Supplied records section start

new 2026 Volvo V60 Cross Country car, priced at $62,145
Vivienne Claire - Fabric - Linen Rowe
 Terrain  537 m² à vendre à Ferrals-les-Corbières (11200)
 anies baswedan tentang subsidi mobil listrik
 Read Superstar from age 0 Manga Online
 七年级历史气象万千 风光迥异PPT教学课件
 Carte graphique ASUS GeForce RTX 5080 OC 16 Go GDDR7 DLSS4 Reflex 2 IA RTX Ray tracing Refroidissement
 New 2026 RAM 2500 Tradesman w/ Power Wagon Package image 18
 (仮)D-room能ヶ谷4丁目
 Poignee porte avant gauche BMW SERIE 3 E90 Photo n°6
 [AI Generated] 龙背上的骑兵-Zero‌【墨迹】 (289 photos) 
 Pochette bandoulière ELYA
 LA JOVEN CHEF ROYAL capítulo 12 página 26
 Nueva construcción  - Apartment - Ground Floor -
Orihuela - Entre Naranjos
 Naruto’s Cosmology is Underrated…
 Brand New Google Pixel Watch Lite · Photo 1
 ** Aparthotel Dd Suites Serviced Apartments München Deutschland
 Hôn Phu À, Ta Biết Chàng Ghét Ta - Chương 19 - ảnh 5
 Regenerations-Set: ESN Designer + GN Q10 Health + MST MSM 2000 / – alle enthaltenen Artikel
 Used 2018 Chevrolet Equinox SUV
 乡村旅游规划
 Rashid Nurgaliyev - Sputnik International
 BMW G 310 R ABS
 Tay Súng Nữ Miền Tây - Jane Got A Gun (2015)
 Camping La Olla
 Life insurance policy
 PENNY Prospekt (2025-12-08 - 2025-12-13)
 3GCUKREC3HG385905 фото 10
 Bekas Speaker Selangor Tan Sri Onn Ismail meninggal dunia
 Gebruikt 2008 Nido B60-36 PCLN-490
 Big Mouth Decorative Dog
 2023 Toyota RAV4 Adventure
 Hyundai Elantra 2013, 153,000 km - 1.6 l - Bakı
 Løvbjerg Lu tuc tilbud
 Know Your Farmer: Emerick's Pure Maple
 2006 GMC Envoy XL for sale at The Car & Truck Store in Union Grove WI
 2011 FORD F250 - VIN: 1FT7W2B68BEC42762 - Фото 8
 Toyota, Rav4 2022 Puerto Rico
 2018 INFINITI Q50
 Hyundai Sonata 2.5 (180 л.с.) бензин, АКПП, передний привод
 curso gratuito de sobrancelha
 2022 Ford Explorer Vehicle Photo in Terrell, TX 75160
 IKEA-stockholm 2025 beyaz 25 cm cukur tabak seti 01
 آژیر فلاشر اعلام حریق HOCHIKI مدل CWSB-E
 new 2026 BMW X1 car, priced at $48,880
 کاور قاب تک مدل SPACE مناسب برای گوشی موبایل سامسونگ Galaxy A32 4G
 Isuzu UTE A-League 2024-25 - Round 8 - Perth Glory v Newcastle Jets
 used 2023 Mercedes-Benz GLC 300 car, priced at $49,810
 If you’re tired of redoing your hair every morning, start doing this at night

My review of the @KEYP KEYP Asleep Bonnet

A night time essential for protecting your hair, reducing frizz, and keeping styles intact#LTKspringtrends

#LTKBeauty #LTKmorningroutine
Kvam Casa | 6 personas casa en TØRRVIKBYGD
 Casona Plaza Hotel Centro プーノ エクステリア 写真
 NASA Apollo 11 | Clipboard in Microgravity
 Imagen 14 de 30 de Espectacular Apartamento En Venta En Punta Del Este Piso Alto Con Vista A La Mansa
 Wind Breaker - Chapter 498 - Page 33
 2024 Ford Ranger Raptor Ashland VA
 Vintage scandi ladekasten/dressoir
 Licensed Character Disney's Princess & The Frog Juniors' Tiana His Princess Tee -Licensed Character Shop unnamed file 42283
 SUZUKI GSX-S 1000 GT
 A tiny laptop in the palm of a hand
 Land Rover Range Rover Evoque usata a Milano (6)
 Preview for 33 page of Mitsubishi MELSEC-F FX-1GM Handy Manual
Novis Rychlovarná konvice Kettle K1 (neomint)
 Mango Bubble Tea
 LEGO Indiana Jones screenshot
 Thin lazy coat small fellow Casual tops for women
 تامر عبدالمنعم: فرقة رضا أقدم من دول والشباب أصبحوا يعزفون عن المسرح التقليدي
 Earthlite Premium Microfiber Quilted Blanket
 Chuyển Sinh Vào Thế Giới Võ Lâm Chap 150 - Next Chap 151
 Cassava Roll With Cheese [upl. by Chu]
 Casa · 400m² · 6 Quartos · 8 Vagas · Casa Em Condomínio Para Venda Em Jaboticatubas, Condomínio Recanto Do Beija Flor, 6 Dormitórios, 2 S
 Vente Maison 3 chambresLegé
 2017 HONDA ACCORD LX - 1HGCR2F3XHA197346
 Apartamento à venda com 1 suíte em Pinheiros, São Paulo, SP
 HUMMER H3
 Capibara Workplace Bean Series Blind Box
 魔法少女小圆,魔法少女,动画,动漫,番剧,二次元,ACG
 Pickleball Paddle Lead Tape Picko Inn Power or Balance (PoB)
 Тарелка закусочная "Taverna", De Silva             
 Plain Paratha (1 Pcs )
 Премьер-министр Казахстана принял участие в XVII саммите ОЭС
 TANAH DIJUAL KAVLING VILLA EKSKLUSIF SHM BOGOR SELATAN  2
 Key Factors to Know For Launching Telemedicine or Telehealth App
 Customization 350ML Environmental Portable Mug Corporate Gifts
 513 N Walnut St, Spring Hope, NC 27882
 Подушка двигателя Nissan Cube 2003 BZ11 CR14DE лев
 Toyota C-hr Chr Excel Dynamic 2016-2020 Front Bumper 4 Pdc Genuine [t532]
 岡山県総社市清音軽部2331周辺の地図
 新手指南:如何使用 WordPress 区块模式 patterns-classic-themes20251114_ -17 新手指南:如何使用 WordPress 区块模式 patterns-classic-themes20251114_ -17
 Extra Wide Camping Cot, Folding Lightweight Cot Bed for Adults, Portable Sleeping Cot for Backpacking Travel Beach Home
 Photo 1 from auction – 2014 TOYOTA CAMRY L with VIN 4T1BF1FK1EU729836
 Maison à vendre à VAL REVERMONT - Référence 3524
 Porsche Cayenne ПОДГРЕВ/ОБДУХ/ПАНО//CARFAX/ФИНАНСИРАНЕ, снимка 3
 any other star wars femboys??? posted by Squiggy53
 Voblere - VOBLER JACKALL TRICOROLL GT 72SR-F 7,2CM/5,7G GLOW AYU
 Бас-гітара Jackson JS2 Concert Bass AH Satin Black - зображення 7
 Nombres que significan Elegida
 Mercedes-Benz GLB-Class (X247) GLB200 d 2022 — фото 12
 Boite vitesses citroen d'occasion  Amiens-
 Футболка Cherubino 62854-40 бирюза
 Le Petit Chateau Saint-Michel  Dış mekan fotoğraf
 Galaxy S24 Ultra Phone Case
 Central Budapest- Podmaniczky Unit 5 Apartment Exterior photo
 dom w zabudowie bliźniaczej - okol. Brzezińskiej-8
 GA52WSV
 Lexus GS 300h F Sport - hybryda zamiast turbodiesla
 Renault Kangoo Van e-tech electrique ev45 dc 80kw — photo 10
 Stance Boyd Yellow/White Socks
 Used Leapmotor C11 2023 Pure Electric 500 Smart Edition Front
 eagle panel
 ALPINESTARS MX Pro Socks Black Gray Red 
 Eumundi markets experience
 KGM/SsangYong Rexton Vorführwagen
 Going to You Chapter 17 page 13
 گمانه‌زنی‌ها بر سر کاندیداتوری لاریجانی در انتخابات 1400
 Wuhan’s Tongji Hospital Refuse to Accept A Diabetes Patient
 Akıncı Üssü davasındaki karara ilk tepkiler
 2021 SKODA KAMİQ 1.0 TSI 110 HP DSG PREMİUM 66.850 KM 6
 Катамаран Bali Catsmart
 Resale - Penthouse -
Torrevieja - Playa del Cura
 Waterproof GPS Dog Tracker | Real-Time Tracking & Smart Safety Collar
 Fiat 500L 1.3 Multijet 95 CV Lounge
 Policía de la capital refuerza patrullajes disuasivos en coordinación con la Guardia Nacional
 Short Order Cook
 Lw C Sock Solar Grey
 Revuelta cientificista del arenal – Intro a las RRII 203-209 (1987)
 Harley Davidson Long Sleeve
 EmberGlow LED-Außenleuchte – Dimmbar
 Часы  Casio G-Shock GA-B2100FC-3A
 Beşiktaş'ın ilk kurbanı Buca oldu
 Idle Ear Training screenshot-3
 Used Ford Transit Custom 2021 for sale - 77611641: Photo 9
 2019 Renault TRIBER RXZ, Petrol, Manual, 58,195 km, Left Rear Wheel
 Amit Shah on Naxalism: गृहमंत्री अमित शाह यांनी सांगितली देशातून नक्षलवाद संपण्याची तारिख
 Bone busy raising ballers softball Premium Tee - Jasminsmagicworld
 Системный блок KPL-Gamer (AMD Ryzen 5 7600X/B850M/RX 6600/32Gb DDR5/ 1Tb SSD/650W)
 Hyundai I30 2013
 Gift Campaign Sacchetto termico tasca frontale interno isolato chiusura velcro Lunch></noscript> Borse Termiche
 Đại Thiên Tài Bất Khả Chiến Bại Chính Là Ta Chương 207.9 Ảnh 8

Supplied records section end

> [Work request]:
Among the records above, find each line containing the string "screenshot" and copy it.

> [Solution to this task]:
 LEGO Indiana Jones screenshot
 Idle Ear Training screenshot-3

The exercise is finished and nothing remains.